39 Jezus zei tegen hem: ‘Jullie Farizeeën wassen alleen de buitenkant. Maar van binnen zijn jullie nog vuil, vol hebzucht en boosaardigheid.
40 Dwazen! Heeft God niet de buitenkant én de binnenkant gemaakt?
41 Uw innerlijke zuiverheid blijkt het beste uit de mildheid waarmee u geeft.

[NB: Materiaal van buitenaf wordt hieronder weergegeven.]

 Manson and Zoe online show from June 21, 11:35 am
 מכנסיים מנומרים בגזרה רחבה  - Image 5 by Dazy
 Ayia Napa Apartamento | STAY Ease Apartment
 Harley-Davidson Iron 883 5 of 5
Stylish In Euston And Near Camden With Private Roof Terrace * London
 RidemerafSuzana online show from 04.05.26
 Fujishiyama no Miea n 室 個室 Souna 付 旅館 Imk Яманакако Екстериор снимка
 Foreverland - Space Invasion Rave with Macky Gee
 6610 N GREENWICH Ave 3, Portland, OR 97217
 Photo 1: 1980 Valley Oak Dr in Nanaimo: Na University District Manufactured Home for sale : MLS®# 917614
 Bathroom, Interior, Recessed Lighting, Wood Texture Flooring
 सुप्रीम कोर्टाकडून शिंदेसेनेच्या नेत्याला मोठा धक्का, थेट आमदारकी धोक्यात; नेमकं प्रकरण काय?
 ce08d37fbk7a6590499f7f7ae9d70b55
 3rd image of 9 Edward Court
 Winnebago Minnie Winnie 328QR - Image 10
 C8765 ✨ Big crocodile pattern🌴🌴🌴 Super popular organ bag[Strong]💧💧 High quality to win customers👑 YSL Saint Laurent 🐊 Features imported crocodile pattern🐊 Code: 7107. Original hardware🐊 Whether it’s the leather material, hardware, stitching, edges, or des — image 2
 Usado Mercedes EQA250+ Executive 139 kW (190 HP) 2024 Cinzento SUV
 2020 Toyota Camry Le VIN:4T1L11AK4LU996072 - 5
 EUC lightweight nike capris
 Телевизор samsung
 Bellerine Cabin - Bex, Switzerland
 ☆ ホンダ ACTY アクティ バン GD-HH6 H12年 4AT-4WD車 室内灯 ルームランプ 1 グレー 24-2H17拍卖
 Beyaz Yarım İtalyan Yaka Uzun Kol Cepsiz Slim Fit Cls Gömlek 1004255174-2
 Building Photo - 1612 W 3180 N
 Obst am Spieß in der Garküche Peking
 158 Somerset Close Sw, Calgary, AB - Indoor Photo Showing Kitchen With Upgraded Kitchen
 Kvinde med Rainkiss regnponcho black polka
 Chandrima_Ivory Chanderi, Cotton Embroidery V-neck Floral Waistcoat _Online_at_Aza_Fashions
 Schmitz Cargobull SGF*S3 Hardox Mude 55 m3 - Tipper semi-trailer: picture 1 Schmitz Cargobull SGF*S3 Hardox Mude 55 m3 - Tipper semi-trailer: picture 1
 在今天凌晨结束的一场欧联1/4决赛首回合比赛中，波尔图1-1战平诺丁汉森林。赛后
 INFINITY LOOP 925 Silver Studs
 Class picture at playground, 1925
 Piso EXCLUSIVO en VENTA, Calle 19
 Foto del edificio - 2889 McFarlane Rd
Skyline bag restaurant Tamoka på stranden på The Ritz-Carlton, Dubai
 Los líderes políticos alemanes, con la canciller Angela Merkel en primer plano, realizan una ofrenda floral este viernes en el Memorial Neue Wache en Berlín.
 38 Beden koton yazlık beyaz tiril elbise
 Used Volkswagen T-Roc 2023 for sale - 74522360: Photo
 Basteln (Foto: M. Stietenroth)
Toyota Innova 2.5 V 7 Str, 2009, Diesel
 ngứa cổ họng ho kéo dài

42 U geeft tien procent van wat u heeft aan munt en andere kruiden aan de tempel, maar u denkt er niet aan rechtvaardig te zijn en God lief te hebben. En daar komt het nu juist op aan. U moet het ene doen en het andere niet nalaten.
43 Wat ziet het er voor u slecht uit, Farizeeën! U vindt het heerlijk in de synagogen op de voornaamste plaatsen te zitten. U voelt zich gestreeld als de mensen op straat u eerbiedig groeten.
44 Maar u bent net verborgen graven in het veld. De mensen lopen eroverheen, zonder te weten wat eronder zit.’
45 ‘Meester,’ zei een bijbelgeleerde die stond te luisteren, ‘door dit allemaal te zeggen, hebt U ook ons zwart gemaakt.’